The Church recognizes the fact of marriage breakdown and judges that divorce should be granted only when the breakdown is irretrievable. The remarriage of divorced people in church is permitted in certain cases, after careful consideration of all the circumstances. Initially this required the approval of the District Chair. In 1998 the Conference adopted a report on Christian Preparation for Marriage; the current Policy and Guidelines based upon that report are published in the Guidance section of The Constitutional Practice and Discipline of the Methodist Church.
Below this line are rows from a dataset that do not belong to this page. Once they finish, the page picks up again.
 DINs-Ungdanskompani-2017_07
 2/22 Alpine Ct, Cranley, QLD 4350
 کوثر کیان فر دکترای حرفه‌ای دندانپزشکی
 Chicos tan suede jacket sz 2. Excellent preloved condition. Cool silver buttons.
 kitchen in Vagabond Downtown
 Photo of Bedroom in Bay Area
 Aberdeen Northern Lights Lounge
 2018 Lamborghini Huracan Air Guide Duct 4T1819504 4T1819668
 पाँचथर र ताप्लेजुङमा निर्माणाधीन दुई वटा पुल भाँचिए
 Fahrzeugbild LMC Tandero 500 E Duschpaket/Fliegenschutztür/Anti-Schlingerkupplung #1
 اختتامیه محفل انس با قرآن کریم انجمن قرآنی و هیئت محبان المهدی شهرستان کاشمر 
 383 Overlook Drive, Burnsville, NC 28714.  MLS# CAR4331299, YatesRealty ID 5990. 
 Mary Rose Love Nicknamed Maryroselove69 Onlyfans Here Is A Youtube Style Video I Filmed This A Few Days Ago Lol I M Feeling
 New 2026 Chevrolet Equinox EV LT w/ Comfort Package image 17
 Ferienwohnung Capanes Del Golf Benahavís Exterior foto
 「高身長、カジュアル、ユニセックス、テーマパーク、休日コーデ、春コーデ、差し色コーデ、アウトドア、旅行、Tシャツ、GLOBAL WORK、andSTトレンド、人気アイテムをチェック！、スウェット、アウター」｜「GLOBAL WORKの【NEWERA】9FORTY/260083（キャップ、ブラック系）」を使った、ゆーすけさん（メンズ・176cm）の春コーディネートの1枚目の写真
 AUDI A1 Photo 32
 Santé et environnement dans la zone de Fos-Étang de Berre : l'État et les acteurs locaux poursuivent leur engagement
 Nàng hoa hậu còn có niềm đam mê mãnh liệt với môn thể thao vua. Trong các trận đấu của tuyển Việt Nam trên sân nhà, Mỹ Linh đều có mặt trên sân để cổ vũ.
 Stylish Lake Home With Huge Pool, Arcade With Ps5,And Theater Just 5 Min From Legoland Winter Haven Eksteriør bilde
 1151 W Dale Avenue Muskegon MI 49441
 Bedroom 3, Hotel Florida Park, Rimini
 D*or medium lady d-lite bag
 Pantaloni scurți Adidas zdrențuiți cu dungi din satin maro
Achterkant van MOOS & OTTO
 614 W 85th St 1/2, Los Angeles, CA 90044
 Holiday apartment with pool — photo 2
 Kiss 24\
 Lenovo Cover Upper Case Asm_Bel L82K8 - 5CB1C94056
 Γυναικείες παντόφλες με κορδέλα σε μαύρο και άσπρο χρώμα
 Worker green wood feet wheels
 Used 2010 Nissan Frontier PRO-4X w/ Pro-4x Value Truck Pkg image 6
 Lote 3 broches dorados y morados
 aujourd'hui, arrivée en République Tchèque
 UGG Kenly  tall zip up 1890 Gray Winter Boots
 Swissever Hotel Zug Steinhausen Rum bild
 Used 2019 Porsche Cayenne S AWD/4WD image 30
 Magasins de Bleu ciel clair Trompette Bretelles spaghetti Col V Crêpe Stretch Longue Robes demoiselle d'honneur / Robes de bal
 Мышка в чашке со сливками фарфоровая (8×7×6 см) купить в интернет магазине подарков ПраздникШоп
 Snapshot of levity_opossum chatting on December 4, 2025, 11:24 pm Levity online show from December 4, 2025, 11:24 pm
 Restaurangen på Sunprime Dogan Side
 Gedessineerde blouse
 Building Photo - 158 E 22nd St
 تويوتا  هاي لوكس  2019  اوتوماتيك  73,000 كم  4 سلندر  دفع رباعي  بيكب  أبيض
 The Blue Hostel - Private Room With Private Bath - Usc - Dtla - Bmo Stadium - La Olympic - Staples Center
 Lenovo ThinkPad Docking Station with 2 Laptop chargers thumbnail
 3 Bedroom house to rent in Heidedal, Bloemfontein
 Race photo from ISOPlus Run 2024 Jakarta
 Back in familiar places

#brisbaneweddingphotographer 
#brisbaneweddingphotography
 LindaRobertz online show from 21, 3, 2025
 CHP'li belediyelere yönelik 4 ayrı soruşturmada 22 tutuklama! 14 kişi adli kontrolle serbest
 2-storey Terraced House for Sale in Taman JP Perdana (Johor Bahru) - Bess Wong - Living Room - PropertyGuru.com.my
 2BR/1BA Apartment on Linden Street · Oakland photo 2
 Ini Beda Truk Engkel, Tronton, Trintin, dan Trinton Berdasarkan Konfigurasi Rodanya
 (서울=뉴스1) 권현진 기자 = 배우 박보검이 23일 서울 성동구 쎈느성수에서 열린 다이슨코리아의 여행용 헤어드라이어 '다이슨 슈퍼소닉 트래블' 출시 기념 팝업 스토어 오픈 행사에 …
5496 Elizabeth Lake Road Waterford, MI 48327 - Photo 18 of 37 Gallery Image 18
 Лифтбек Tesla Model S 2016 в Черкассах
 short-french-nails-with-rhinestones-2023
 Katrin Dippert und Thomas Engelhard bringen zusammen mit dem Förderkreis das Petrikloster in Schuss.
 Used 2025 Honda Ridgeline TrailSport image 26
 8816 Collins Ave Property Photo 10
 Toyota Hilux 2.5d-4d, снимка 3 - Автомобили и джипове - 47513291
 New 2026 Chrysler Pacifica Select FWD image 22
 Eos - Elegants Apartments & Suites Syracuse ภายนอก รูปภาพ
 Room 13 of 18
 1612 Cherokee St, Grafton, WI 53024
The Conference held a major debate upon human sexuality in 1993, and as a result adopted six resolutions (printed in annual editions of CPD). These include the declaration that no person should be debarred from the Church on grounds of sexual orientation in itself (resolution 3), the reaffirmation of the traditional teaching of the Church, namely chastity for all outside marriage and fidelity within it (resolution 4), and (resolution 6) a resolution inter alia recognising, celebrating and affirming the participation and ministry of lesbians and gay men in the Church and calling on the Methodist people to begin a pilgrimage of faith to combat repression and discrimination. The Conference of later years returned to these matters (see in particular the reports of the working party on the Pilgrimage of Faith (2005 and 2006) and the report in 2008 on whether to review the 1993 resolutions) but agreed that it was not yet time to review the resolutions.
In 2014 a Working Party on Marriage and Civil Partnerships reported to the Conference (Agenda pp 421-492), having been set up the previous year to consider the implications for the Methodist Church of the Marriage (Same Sex Couples) Act 2013. Upon its recommendation, the Conference did not at that stage opt in to the 2013 Act, so no local church may apply for registration for same sex marriages to be conducted on their premises. The Conference in 2014 did approve amended guidelines for responding to requests by same sex couples for prayers or services (printed in CPD). It also extended the ruling made in 2006 as to civil partnerships, that there is no reason per se to prevent anyone within the Church from entering into a legally contracted same sex marriage, whilst recognising that the 1993 Resolutions would still apply to such relationships.
The Conference of 2014 adopted the recommendation to set up a further wide-ranging task group on marriage and relationships in general, and the implications arising from the divergence between the Methodist Churchs teaching on marriage and the legal definition and concept of marriage now applying in England, Wales and Scotland.. That group reported in 2016 (Agenda pp 258-303). In response to its report, the Conference adopted resolutions on a number of topics (Daily Record 6/8), and directed that that a new Statement of the judgment of the Conference on marriage and relationships was to be prepared and that, as part of the process, the definition of marriage should be revisited. A new group was appointed to work on this, and brought an interim report to the Conference of 2018 (Agenda pp 337-347, Daily Record 7/17/1).